In vitro and in vivo characterization of the Pseudomonas aeruginosa cyclic AMP (cAMP) phosphodiesterase CpdA, required for cAMP homeostasis and virulence factor regulation.

Abstract

Cyclic AMP (cAMP) is an important second messenger signaling molecule that controls a wide variety of eukaryotic and prokaryotic responses to extracellular cues. For cAMP-dependent signaling pathways to be effective, the intracellular cAMP concentration is tightly controlled at the level of synthesis and degradation. In the opportunistic human pathogen Pseudomonas aeruginosa, cAMP is a key regulator of virulence gene expression. To better understand the role of cAMP homeostasis in this organism, we identified and characterized the enzyme CpdA, a putative cAMP phosphodiesterase. We demonstrate that CpdA possesses 3',5'-cAMP phosphodiesterase activity in vitro and that it utilizes an iron-dependent catalytic mechanism.
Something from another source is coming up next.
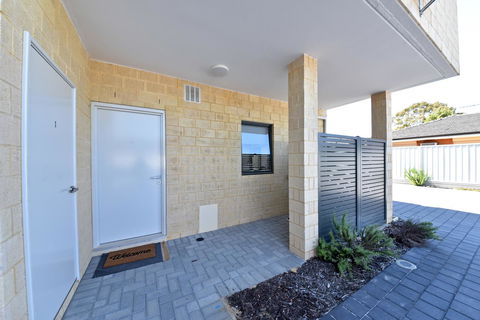 Modern Apartment Redcliffe Near Perth Airport: 0126 - Tourism Canberra 37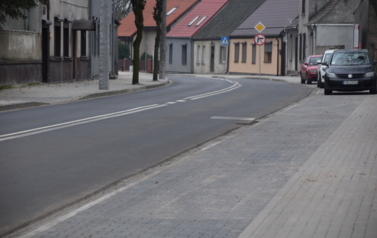 Oficjalny odbi&oacute;r zakończonych rob&oacute;t związanych z remontem i rozbudową ulicy Czarnkowskiej w Ryczywole, stanowiącej odcinek drogi powiatowej Piotrowo &ndash; Skrzetusz &ndash; Ryczyw&oacute;ł. 23.12.2025 r. 5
Deletion of cpdA results in the accumulation of intracellular cAMP and altered regulation of P. aeruginosa virulence traits. Further, we demonstrate that the cAMP-dependent transcription factor Vfr directly regulates cpdA expression in response to intracellular cAMP accumulation, thus providing a feedback mechanism for controlling cAMP levels and fine-tuning virulence factor expression.